= Required action =
What you give back should be exactly the lines from the one with "DMC Devil May Cry Xbox 360" through the final line of the material, pictures removed; please add nothing.

┌─ Data excerpt

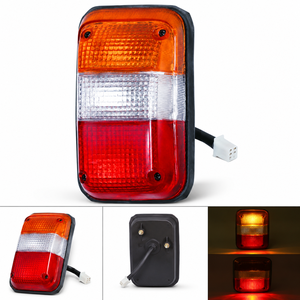 ชุดไฟท้าย LED รุ่น RE-2S RE-4S สำหรับรถสามล้อ  ไฟเบรก ไฟเลี้ยว  อะไหล่รถตุ๊กตุ๊ก - Product Image 2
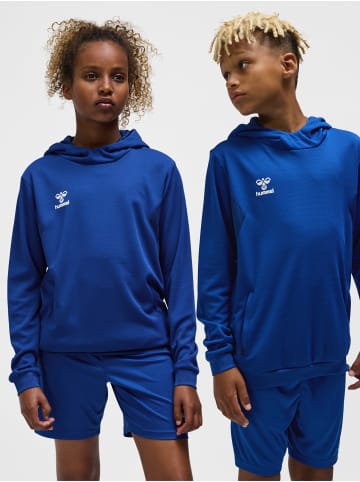 Hummel Kapuzenpullover Hmlauthentic Kinder in TRUE BLUE
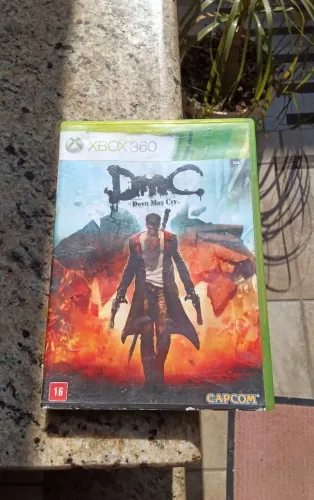 DMC Devil May Cry Xbox 360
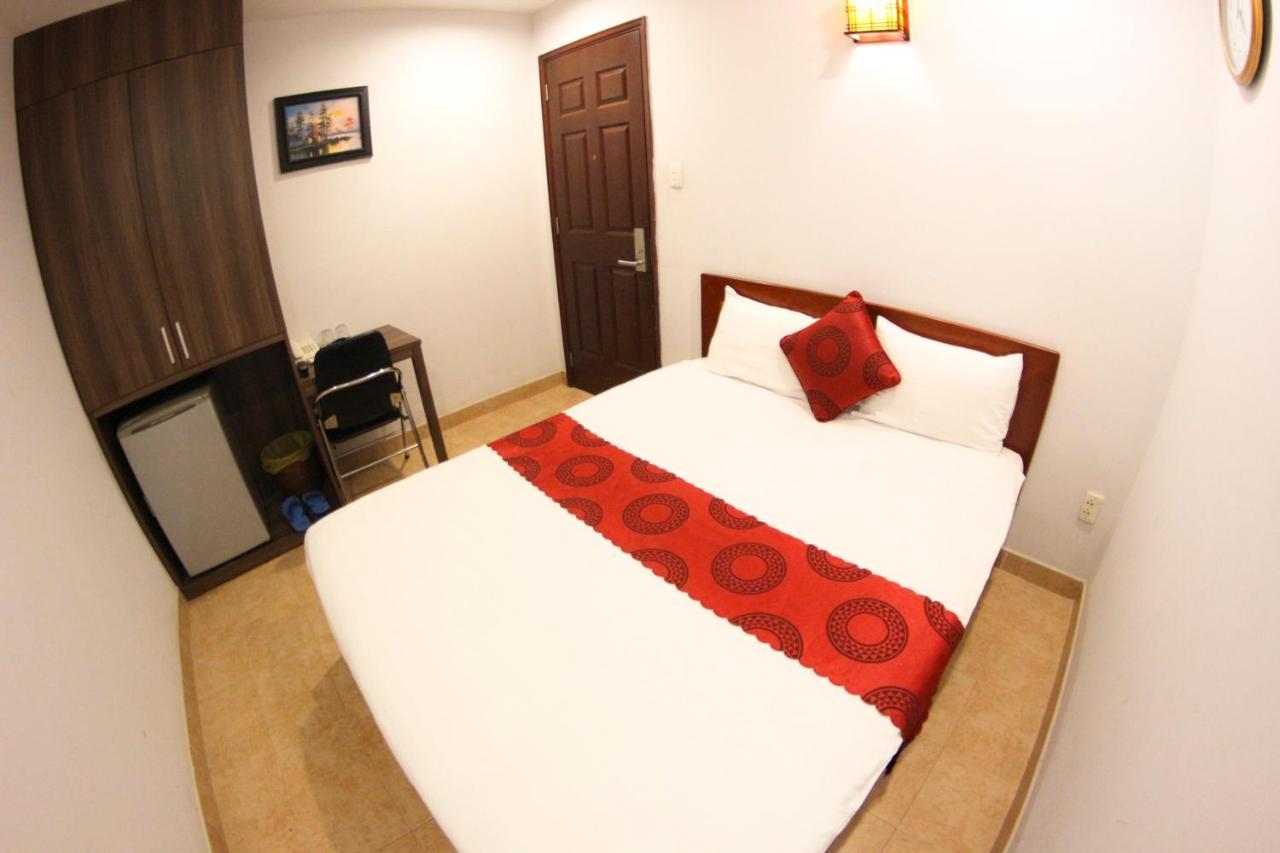 Sao Nam Hotel - Bui Vien Walking Street Ho Chi Minh-staden Exteriör bild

└─

= Written solution =
 DMC Devil May Cry Xbox 360
 Sao Nam Hotel - Bui Vien Walking Street Ho Chi Minh-staden Exteriör bild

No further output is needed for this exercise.